# TASK GOAL
While you copy the lines below, skip the pictures and keep the rest exact.

# COLLECTED MATERIAL
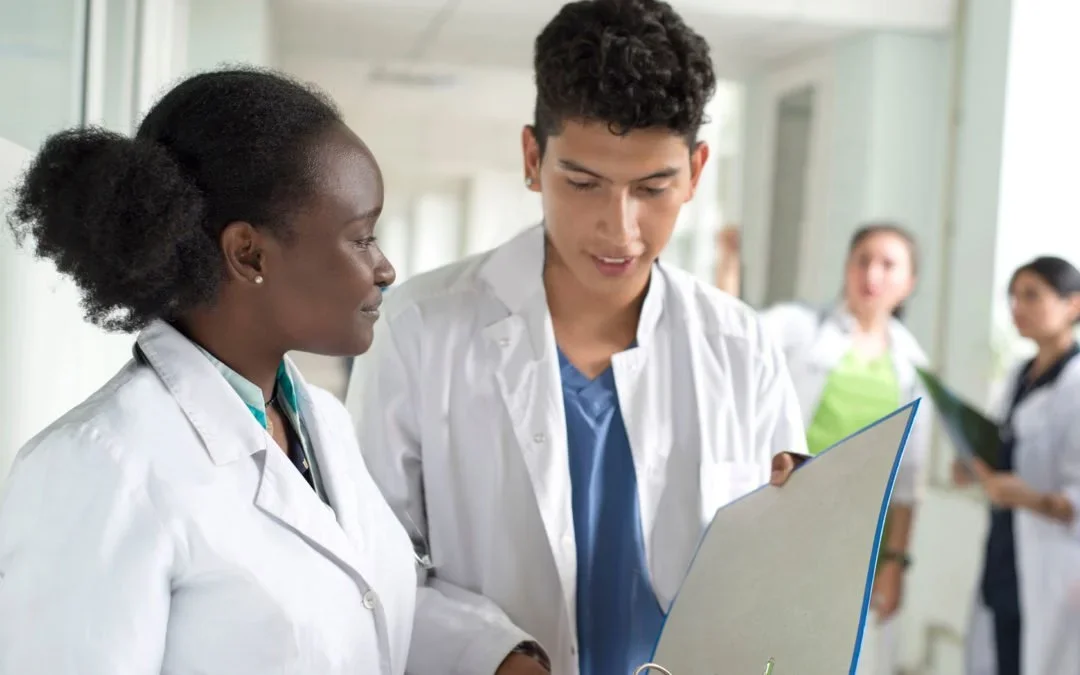 Two young medical professionals in white coats discussing a folder in a hospital corridor, with three other people in medical attire in the background.
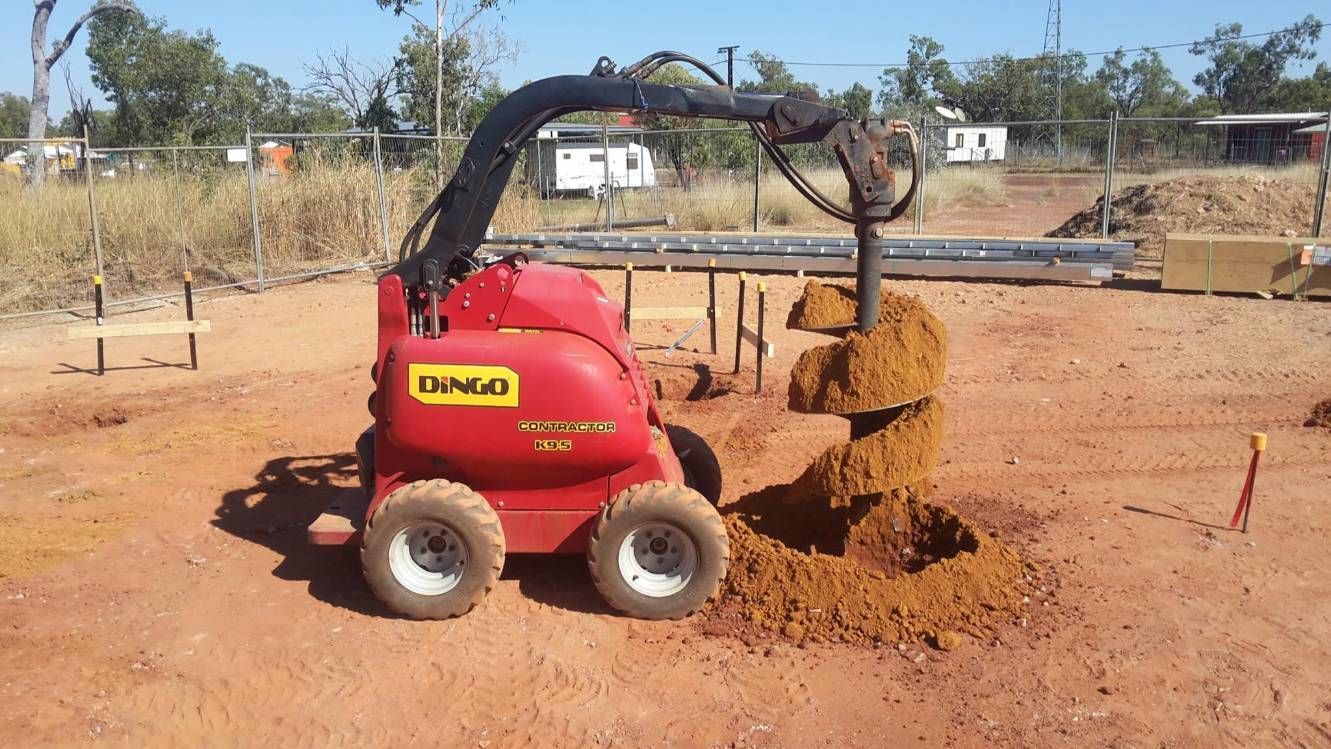 A Red Tractor Is Digging A Hole In The Dirt — Territory Industries Pty Ltd In Uralla, NT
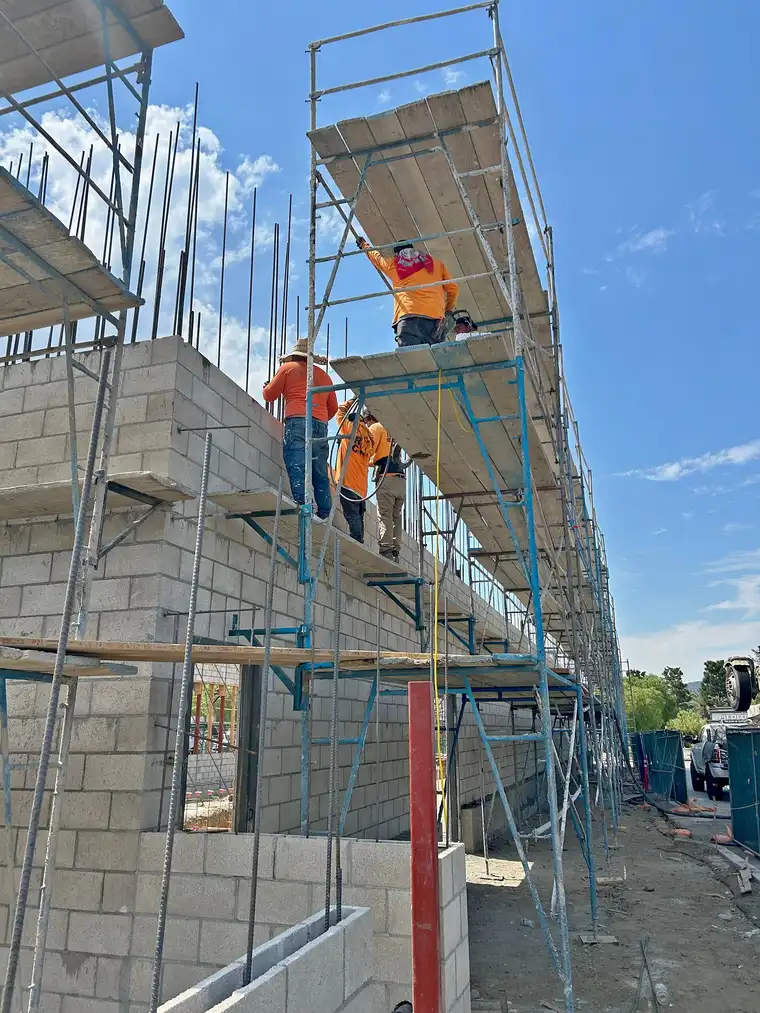 Crew on scaffolding building a tall concrete block wall with rebar projecting from the top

# YOUR SOLUTION
 Two young medical professionals in white coats discussing a folder in a hospital corridor, with three other people in medical attire in the background.
 A Red Tractor Is Digging A Hole In The Dirt — Territory Industries Pty Ltd In Uralla, NT
 Crew on scaffolding building a tall concrete block wall with rebar projecting from the top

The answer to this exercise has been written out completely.